Llegan volando desde lejanas tierras, se detienen en el primer árbol que encuentran, hacen su nido a la carrera.
Fue por mucho tiempo nuestro restaurante chino favorito; no solo porque la comida que preparaban era especialmente buena sino porque los dueños —o por lo menos los que parecían ser los dueños— eran una familia amorosa. De edad mediana él, algo más joven ella y un chinito de dos años dicharachero y querendón. Él no hablaba ni una palabra de español; ella, a duras penas se hacía entender.
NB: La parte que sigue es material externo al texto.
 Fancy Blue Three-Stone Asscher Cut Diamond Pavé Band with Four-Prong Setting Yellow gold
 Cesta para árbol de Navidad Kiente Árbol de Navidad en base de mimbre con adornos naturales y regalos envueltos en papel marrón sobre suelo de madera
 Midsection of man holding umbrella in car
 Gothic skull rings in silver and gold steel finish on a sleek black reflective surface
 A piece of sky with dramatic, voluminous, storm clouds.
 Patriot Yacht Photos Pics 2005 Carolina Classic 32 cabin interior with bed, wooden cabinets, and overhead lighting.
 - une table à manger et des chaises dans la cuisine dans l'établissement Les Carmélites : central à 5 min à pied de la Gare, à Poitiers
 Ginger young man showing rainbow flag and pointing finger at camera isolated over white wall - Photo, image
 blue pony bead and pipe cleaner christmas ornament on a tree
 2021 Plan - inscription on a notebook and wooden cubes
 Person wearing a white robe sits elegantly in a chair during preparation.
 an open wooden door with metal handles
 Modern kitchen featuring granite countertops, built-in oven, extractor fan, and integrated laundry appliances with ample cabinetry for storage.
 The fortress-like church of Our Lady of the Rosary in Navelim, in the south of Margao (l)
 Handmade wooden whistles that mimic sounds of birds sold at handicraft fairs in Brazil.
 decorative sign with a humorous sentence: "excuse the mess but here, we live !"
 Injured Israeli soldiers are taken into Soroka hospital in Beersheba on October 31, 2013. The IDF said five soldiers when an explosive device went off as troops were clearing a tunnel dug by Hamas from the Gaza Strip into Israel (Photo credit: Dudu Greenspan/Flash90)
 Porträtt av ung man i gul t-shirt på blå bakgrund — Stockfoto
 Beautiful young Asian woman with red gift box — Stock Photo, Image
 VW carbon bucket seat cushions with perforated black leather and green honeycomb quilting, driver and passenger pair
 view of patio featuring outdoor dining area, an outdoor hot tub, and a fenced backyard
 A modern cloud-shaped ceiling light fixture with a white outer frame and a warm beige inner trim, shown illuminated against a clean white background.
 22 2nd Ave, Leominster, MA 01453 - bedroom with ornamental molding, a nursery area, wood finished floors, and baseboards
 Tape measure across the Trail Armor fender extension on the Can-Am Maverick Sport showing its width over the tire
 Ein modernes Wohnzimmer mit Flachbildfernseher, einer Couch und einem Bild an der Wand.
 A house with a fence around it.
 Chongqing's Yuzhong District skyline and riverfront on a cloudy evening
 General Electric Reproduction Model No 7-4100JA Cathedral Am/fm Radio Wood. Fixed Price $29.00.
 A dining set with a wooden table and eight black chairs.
Eran una típica familia china, de esas que abandonan su tierra y vienen a recalar a cualquier punto de Latinoamérica y que antes de desempacar los pocos bártulos que traen a cuestas, ya están echando a andar un restaurante de comida china. Nosotros, mi hija Vasthi y yo llegamos a quererlos. Y, un poco, ellos a nosotros. Digo un poco porque con las limitaciones del lenguaje no era mucho lo que podían expresar; sin embargo, el rostro redondo con sus ojos achinados de ella se iluminaba cuando nos veían llegar. Más por eso que por otra cosa —aunque sabían preparar el arroz cantonés, el chop suey 雜碎y el arroz con camarones— nos habíamos convertido en sus clientes. Eran chinitos pobres; su restaurante era apenas un cuartito con cuatro mesas y una cocinita donde el fogón ocupaba la mitad del espacio y la otra mitad un mesón donde se preparaban los ingredientes que en un dos por tres habrían de convertirse en un plato humeante y sabroso.
Esta mañana, en una llamada telefónica desde Costa Rica, me llegó la triste noticia. El chinito había muerto. Un infarto en su propia cocina, mientras se aprestaba a tener un buen final de año con más clientes que los habituales. Hoy, el restaurante permanece cerrado. No hay forma de saber de ella y su hijito. El teléfono no contesta. No se le conocen familiares. ¡Cómo poder encontrarla aunque sea para darle una palabra de apoyo y decirle de la mucha pena que nos ha ocasionado su desgracia!
Es el destino de muchos de estos inmigrantes. Llegan volando desde lejanas tierras, se detienen en el primer árbol que encuentran, hacen su nido a la carrera, encienden el fogón, ponen a freír su arroz con verduras, trabajan los trescientos sesenta y cinco días del año sin descanso, sin vacaciones, sin tiempo para la playa y cualquier día, un infarto, un cáncer o una apoplejía le ponen el punto final a su triste aventura.